> _WHAT IS REQUIRED_
Copy the data below exactly, omitting any picture it contains.

> _LISTED RECORDS_
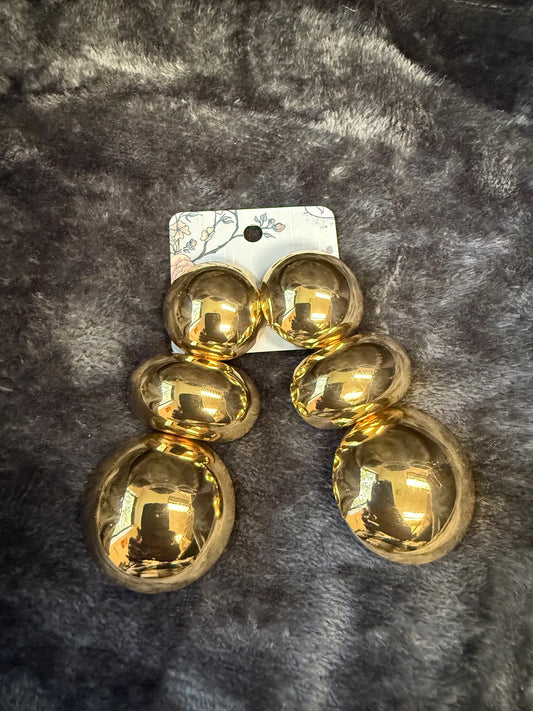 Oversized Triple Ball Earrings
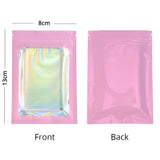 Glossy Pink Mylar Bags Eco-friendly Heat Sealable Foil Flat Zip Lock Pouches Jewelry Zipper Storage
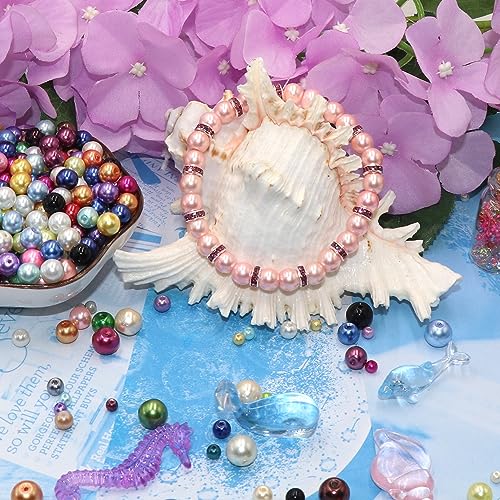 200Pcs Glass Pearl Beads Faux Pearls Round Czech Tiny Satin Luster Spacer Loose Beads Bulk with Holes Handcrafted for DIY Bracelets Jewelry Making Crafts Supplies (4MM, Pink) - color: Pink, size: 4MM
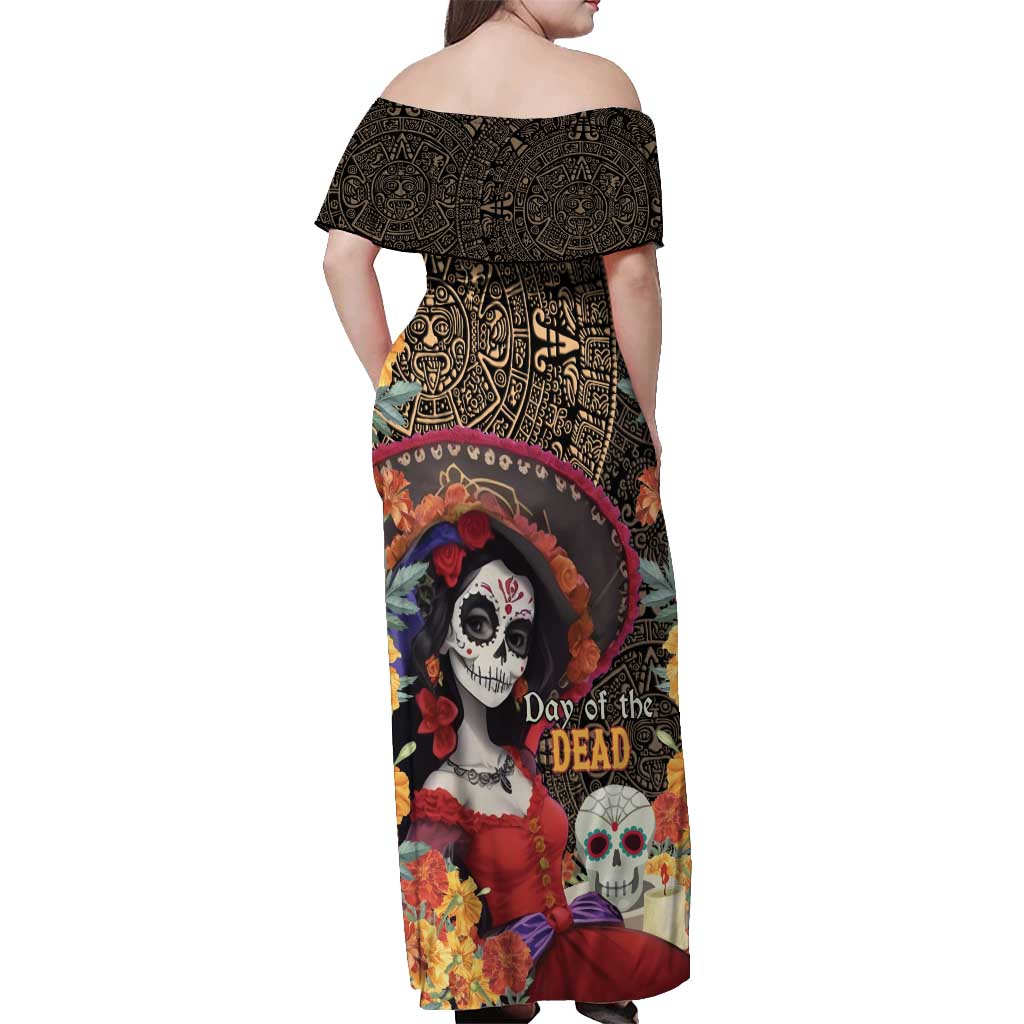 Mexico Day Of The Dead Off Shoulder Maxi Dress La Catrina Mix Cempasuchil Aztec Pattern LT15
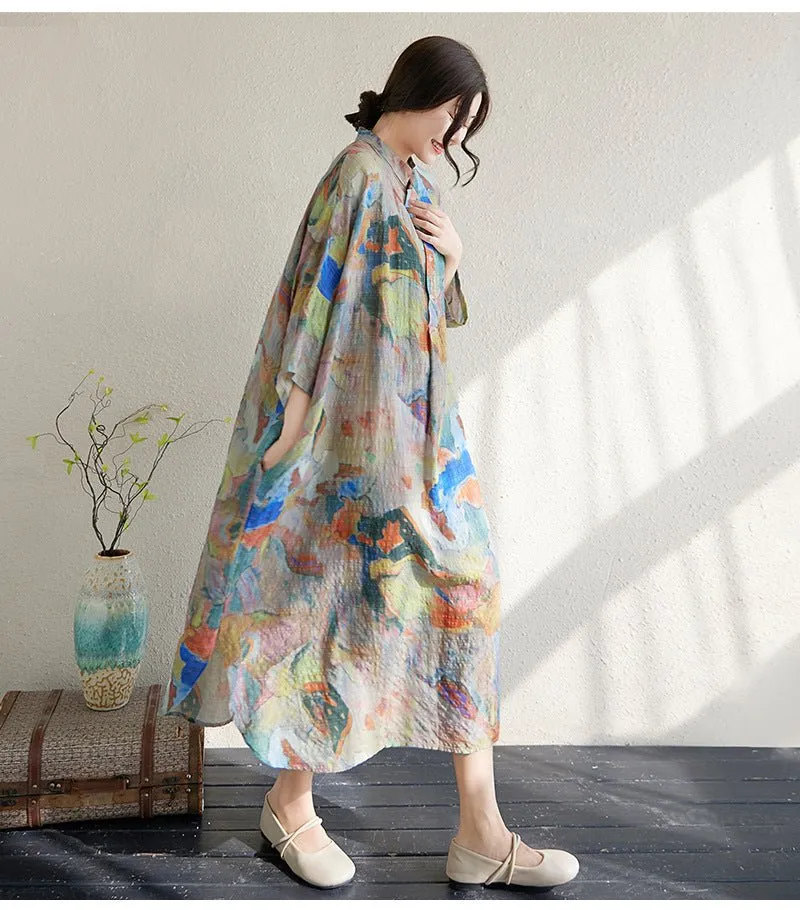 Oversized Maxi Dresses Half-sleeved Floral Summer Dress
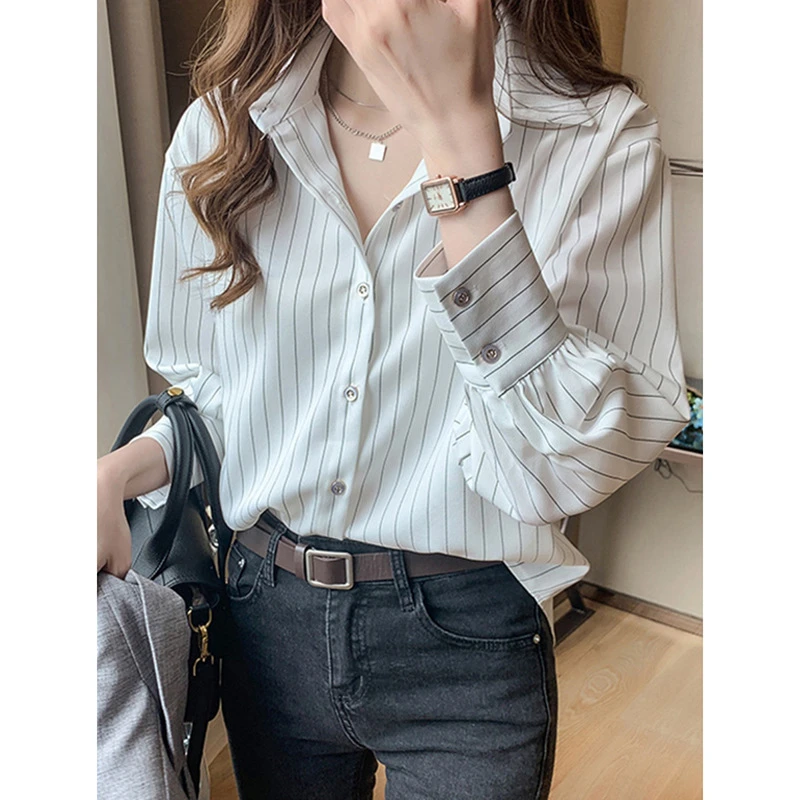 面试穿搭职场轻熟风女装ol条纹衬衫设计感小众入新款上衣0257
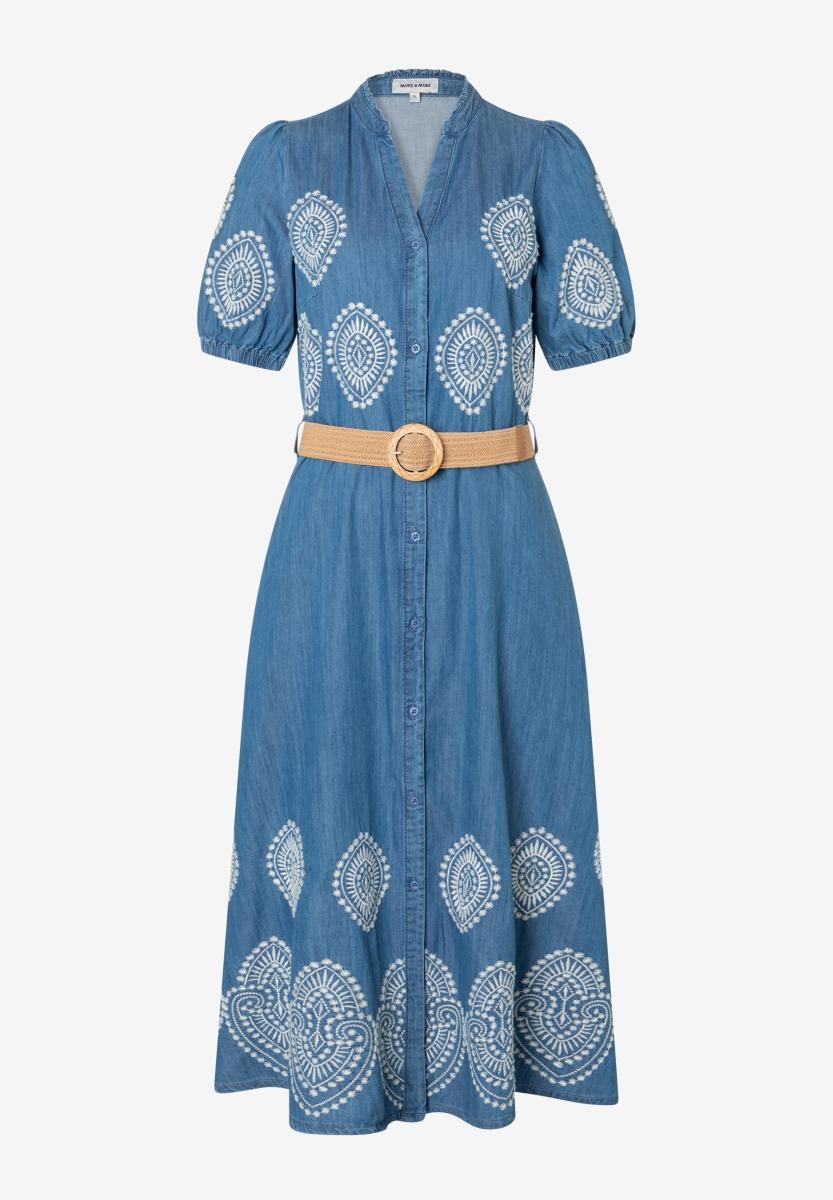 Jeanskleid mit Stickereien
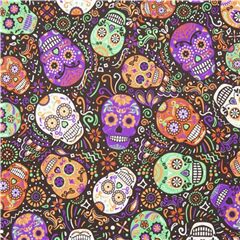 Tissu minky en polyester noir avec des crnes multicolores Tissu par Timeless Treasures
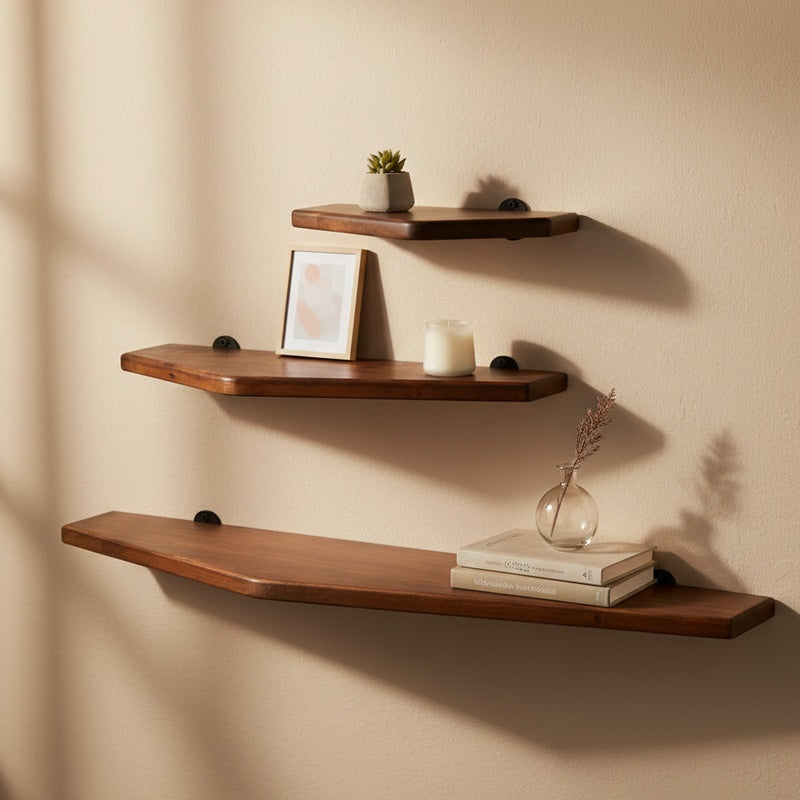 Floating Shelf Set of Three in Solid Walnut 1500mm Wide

> _EXERCISE RESULT_
 Oversized Triple Ball Earrings
 Glossy Pink Mylar Bags Eco-friendly Heat Sealable Foil Flat Zip Lock Pouches Jewelry Zipper Storage
 200Pcs Glass Pearl Beads Faux Pearls Round Czech Tiny Satin Luster Spacer Loose Beads Bulk with Holes Handcrafted for DIY Bracelets Jewelry Making Crafts Supplies (4MM, Pink) - color: Pink, size: 4MM
 Mexico Day Of The Dead Off Shoulder Maxi Dress La Catrina Mix Cempasuchil Aztec Pattern LT15
 Oversized Maxi Dresses Half-sleeved Floral Summer Dress
 面试穿搭职场轻熟风女装ol条纹衬衫设计感小众入新款上衣0257
 Jeanskleid mit Stickereien
 Tissu minky en polyester noir avec des crnes multicolores Tissu par Timeless Treasures
 Floating Shelf Set of Three in Solid Walnut 1500mm Wide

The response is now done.